The firm is cutting in excess of 5,000 jobs across the world, with a current employee force of 69,500. Most of the company’s NI-based workforce are stationed in Belfast, working on a wing-making plant, which is undergoing financial turmoil.

Over the course of the past few years, there have been several redundancy programmes at Bombardier, Northern Ireland, and so close to Christmas, this slicing of staff force comes as a devastating blow to the workers and to the community.

Bombardier contributes greatly towards the economic wellbeing of not only Belfast, but the entirety of Ireland, and the high-quality jobs are not ones that any worker could afford to lose.

This is by no means the first time job losses at Bombardier, Belfast, have been heard of.

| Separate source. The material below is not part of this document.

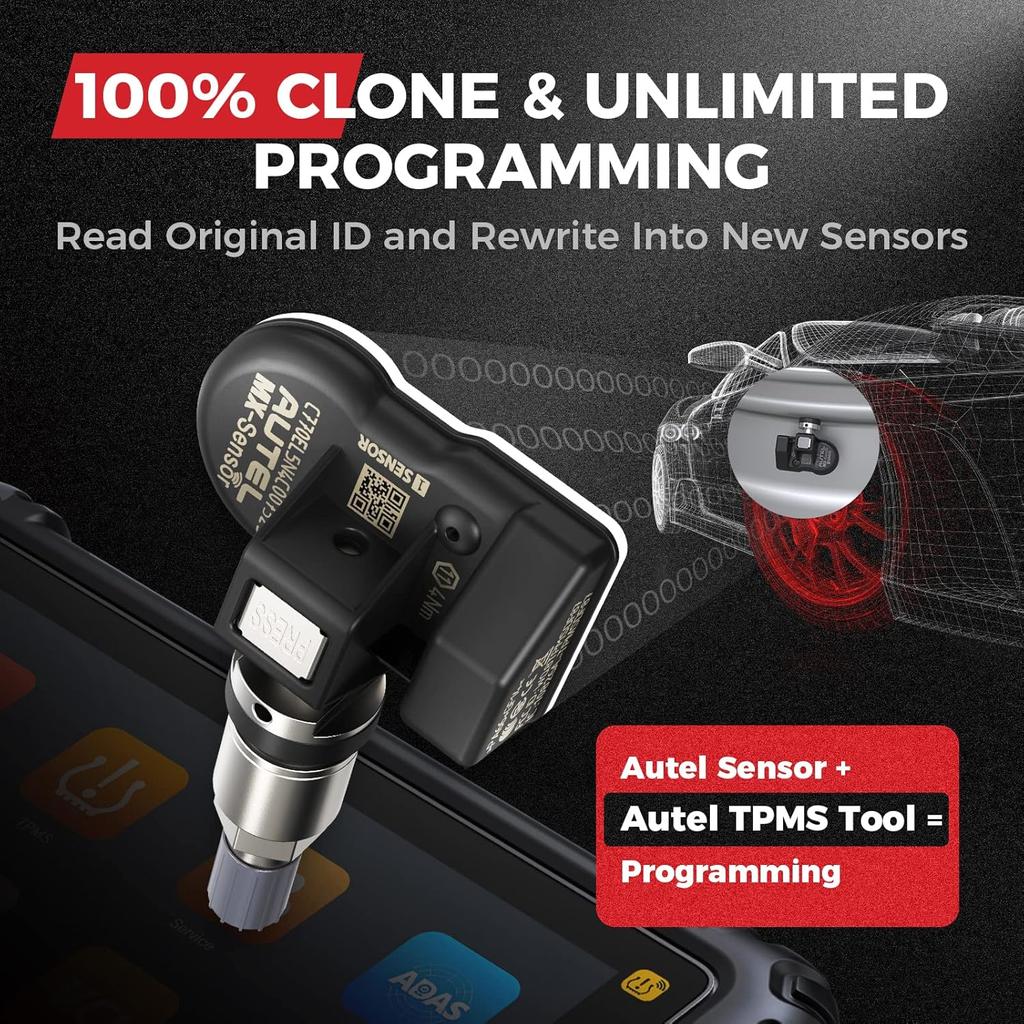 Autel TPMS Sensor 1-Sensor, MX-Sensor 315MHz + 433MHz Metal Valve, Programmable Universal Specially Built for OEM Sensors Replacement, Work with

In 2015 the firm cut 220 jobs due to a fall in the demand of business jets, and a further 20% of its workforce was set to go in 2016. 580 jobs in total were axed, with a further 500 in the start of the following year. 95 redundancies were announced in September 2017 and a further 280 job cuts arrived a mere month later.

It would appear that a job at Bombardier, Belfast, is simply not safe in the current climate, nor has not been for the last few years – as the Aerospace industry endures its worst downturn of the last three decades.

Bombardier is not the sole company responsible for the lack of work in the current climate. Michelin, tyre maker, and JTI Gallaher, Ballymena, cigarette maker, axed a combined 1,000 workers when the businesses closed in 2016.

Many of the manufacturers who have lost their jobs were originally employed due to them being technically-gifted individuals, who are a credit to both the company they work for, and the industry they work within.

Now, more so than ever, the manufacturers of Northern Ireland are being urged to form a collective voice in appeal for more work. It is thought through political paralysis that global giant corporates could take advantage of the unemployed skilled force, leading to the best in the business not being represented properly.

If things continue, an already struggling sector could worsen in Belfast, which is something that the North have expressed they will not stand for any longer.